I would be happy if you could give me guidance towards the right approach, the right software and perhaps some general advice! :slight_smile: E.g. should I completely move to the cloud, like AWS or azure? Is all this overkill for only 5 pcs? Of course I can also go more into detail if needed.

1 Like

I am happy to give some guidance. I build HPC clusters for Dell.
I will talk about the network in the next post.

Firstly, please uncouple from insisting on Ubuntu as the OS.
Bright Computing now have their cluster manager for free for up to 8 compute nodes. Easy 8


Just register and download.
Happily though Bright now support Ubuntu 18.04 so that might be a good choice for you!
3 Likes

Regarding the network 1Gbps Ethernet is just fine. Looks like you are thinking of distrubiting jobs to the compute servers, rather than doing much parallel work across nodes.
Just for completeness, 25Gbps ethernet is the same cost as 10Gbps ethernet these days so start at 25 if you are going for a higher bandwidth network.
Also if you can scrounge Infiniband cards and cables it is possible to ‘daisy chain’ for servers withotu a switch, which would make for a neat small cluster.

As regards storage you could create a RAID set on your cluster head node and use NFS. That will eb fine.
However if you want to look at BeeGFS thais is easily done, and Bright can configure it out of the box.
Actually quite easy to set up by yourself too.

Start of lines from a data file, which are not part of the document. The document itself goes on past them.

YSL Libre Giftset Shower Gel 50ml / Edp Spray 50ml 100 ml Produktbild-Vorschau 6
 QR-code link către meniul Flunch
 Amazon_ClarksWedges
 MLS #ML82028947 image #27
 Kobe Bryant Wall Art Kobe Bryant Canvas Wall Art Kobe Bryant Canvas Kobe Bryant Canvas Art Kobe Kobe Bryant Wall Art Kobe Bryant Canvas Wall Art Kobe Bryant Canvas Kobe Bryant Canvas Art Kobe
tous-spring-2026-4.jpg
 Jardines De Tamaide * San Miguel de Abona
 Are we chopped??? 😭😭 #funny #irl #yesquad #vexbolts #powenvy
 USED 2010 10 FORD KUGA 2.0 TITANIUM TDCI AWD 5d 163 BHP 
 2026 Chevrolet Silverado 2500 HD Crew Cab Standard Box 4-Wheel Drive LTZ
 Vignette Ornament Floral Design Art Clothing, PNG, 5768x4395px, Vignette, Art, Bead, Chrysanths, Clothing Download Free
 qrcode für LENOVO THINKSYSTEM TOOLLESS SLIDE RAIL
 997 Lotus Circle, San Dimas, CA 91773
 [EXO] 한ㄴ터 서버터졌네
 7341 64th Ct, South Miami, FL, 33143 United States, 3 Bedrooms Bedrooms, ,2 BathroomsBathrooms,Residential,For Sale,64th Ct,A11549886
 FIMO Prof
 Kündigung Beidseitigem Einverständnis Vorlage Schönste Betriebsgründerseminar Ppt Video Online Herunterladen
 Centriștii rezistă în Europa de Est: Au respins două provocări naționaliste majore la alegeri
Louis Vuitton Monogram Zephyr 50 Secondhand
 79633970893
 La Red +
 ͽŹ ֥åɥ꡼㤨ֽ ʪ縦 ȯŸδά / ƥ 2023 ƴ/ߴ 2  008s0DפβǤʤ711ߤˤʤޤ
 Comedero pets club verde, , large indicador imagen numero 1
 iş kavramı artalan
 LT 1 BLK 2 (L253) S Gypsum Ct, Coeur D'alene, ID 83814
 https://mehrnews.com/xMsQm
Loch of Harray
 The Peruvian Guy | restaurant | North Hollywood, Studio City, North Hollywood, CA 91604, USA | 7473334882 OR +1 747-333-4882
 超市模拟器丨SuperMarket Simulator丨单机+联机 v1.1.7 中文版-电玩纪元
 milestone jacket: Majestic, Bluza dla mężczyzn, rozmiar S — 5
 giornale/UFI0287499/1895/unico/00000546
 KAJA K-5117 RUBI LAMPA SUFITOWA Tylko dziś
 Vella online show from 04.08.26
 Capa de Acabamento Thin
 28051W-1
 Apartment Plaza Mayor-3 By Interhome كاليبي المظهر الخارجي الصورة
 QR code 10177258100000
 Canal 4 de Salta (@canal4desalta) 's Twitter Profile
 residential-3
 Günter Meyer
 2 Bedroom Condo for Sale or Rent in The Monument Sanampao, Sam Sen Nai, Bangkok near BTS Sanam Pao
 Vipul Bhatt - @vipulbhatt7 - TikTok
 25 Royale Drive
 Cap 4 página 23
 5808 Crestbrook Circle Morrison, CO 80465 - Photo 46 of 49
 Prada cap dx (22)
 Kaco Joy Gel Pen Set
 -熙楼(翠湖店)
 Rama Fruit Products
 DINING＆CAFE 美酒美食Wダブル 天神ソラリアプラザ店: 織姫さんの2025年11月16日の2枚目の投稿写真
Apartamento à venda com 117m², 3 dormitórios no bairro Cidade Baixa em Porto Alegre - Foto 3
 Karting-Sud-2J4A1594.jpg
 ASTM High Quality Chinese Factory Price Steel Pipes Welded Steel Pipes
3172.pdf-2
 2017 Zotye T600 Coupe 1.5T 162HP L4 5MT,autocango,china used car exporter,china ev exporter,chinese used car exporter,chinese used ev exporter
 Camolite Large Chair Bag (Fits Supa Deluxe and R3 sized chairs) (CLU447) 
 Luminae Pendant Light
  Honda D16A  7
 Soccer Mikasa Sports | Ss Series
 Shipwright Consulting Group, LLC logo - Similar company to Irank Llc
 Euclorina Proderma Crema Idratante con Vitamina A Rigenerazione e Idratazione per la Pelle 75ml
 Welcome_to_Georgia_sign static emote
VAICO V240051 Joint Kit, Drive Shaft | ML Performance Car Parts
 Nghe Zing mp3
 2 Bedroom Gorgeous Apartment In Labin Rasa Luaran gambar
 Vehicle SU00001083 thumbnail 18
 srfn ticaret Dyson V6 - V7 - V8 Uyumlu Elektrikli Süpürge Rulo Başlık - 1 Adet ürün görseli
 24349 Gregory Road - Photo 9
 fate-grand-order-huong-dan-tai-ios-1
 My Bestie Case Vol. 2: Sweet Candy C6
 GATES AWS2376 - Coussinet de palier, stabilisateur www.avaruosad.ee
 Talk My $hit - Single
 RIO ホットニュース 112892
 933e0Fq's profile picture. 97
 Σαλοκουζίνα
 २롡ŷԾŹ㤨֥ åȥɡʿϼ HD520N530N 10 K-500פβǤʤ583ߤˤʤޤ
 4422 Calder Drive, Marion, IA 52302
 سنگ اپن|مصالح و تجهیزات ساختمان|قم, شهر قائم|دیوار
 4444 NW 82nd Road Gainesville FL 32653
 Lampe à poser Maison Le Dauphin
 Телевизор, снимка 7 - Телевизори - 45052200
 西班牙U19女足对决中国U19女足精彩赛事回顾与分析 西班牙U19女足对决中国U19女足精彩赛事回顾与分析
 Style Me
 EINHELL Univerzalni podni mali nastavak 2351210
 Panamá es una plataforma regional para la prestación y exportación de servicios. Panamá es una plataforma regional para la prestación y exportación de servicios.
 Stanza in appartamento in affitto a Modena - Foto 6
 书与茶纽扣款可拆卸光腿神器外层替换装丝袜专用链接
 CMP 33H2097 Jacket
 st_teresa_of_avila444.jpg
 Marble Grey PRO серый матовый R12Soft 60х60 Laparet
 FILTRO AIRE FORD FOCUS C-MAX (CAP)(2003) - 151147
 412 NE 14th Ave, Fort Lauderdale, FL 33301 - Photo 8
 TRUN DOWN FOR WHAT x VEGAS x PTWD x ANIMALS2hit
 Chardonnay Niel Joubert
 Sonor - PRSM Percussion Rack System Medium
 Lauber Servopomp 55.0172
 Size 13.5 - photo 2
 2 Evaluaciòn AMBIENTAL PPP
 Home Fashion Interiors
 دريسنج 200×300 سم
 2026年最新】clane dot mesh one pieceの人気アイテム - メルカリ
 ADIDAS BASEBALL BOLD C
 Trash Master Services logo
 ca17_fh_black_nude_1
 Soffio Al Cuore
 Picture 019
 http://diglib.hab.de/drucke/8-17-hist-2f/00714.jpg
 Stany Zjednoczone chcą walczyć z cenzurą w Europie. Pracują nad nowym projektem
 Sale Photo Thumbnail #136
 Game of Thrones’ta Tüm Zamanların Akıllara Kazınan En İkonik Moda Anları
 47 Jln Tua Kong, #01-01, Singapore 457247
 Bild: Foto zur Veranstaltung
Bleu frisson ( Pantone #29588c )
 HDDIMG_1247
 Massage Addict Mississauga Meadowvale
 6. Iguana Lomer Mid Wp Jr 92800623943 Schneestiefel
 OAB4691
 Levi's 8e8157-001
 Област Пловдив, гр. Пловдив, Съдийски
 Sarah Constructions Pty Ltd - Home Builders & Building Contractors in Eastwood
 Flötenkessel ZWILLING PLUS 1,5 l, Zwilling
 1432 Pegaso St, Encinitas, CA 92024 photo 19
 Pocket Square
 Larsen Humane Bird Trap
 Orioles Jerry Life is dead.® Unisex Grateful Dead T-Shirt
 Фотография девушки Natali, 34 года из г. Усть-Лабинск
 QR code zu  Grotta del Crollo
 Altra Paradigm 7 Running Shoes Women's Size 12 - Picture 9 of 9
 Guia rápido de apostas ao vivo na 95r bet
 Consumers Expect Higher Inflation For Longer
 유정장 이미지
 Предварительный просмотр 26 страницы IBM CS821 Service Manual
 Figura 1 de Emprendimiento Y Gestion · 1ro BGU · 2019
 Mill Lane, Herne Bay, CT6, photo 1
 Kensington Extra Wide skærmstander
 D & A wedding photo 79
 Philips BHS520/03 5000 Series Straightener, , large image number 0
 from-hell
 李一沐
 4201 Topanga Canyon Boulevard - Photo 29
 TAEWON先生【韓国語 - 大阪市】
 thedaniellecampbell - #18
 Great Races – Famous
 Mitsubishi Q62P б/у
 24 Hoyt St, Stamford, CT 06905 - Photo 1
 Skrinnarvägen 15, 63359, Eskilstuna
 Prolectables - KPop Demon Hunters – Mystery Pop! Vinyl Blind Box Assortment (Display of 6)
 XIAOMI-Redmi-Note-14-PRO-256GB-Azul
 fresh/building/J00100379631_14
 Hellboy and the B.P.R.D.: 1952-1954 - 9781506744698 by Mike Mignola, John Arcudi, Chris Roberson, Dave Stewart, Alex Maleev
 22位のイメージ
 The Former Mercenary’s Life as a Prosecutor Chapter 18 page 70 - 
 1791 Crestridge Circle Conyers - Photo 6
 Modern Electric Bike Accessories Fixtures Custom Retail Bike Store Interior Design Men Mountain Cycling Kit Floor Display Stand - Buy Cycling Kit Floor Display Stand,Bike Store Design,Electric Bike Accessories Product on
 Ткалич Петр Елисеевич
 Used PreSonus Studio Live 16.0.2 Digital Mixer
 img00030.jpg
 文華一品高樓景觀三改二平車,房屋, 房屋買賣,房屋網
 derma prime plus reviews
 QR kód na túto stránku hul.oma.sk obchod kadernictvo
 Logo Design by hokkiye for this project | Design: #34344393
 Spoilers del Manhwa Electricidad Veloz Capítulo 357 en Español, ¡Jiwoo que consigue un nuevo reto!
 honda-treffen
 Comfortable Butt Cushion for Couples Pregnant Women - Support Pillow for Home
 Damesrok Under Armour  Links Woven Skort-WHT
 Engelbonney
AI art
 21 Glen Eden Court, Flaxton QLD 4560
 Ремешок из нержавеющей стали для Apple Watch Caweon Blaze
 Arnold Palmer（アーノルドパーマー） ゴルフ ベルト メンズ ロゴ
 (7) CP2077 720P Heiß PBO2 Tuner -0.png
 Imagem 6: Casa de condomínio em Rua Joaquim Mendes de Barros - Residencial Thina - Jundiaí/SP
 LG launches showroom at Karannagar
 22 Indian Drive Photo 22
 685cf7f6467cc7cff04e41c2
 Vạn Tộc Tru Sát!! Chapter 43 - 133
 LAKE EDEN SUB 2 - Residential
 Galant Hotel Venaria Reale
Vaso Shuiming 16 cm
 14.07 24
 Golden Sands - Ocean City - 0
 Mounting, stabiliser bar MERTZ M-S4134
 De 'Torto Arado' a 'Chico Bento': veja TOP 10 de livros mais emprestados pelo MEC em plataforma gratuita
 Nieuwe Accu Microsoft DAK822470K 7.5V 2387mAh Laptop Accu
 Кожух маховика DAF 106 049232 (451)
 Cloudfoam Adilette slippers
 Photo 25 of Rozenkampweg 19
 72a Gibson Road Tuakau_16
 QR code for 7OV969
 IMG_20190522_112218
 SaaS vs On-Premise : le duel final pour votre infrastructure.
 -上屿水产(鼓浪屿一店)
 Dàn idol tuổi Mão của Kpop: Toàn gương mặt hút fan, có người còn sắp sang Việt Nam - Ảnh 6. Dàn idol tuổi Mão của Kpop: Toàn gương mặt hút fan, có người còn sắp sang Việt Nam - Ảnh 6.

Which leads me to ask - what hardware do you have for the cluster master? Are there spare slots for some storage drives? Does it have a hardware RAID controller? Though ZFS software RAID might be good here.

1 Like

There are a coupel of alternates to Bright :stuck_out_tongue_winking_eye:

OpenHPC - which works great, but you have to do a bit of self learning. CentOS/Redhat/SuSE though
https://openhpc.community/

Qlustar - Debina/Ubuntu/CentOS


I am less familiar with Qlustar.

My advice - give some serious thought to Bright and Qlustar. Try an installation of both and see which suits you the best.
Remember that Easy 8 and Qlustar are community supported - but you are ready for that.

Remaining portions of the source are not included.